Barbara Rae became a Dame for her services to art in the 2025 New Year Honours list. A prominent Scottish artist, Rae works in both painting and printmaking and is a member of both the Royal Scottish Academy and the Royal Academy. This Damehood makes Rae the only living Scottish female artist currently holding this title.
Rae was born in Falkirk and studied at Edinburgh College of Art from 1961 to 1965. After graduation, she travelled to France and Spain on a travelling scholarship, which sparked a lifelong interest in travel and exploration. Today, she continues to take inspiration from new places, landscapes and cultures. Rae has travelled widely in search of this inspiration, exploring far-flung locations including Europe, the Arctic, the Antarctic and the United States. However, she also continues to draw inspiration from landscapes closer to home, including the West Coast of Scotland and the Lammermuir Hills.

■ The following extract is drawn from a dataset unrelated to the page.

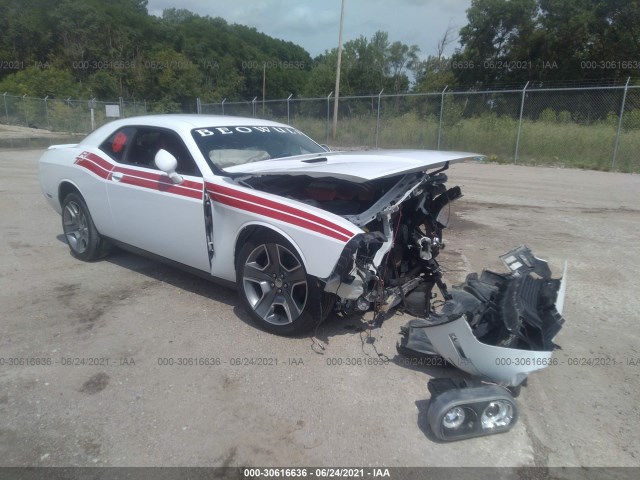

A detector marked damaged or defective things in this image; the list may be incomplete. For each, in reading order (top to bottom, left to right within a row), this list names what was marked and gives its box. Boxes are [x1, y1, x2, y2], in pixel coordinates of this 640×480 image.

detached headlight assembly [428, 382, 516, 442]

Rather than producing literal representations of the landscape around her, Rae instead abstracts these environments. She has stated that she is ‘not much interested in topography – the history of the landscape and the people that shaped it are the attraction.’ Her paintings subtly allude to geological formations through layered compositions of line, colour and texture. A defining feature of Rae’s work is her experimental approach to materials and surface. She often combines oil, acrylic, pastel and collage within a single piece, for example in her work Southern Door. In the work Inishkeas, she layers different materials onto the canvas, building up the surface to create a sense of erosion and history that mirrors the weathered Irish landscape that inspired it. Printmaking also plays a significant role in her oeuvre and her print works echo her painterly practice, exploring layering and texture.

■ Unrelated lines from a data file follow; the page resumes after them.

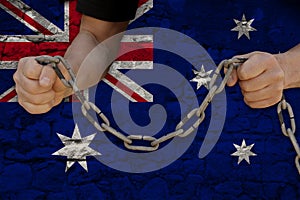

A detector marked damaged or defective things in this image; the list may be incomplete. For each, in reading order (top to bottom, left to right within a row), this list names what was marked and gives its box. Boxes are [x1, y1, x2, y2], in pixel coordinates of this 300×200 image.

broken chain link [34, 55, 298, 175]
broken chain link [276, 96, 300, 174] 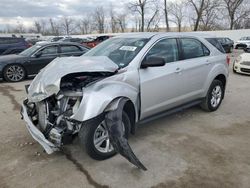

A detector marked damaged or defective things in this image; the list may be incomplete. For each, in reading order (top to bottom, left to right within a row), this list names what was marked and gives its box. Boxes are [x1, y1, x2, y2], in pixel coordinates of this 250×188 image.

crumpled hood [27, 55, 119, 102]
front end damage [21, 55, 147, 170]
damaged silver suv [21, 32, 229, 170]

Colour in Rae’s practice is expressive rather than descriptive. She uses earthy hues, deep blues, chalky whites and flashes of intense red or orange to convey atmosphere and emotion. These bright, bold colours can be seen in Red, Downpatrick. While such vibrant colours might not typically be associated with natural landscapes, they evoke the essence of a rugged, wild and ever-changing environment.
Overall, Dame Barbara Rae’s practice is characterised by an ongoing dialogue between place and abstraction. Her work does not simply depict landscape, rather it embodies it, capturing its history, people and material through richly worked surfaces and dynamic compositional structures.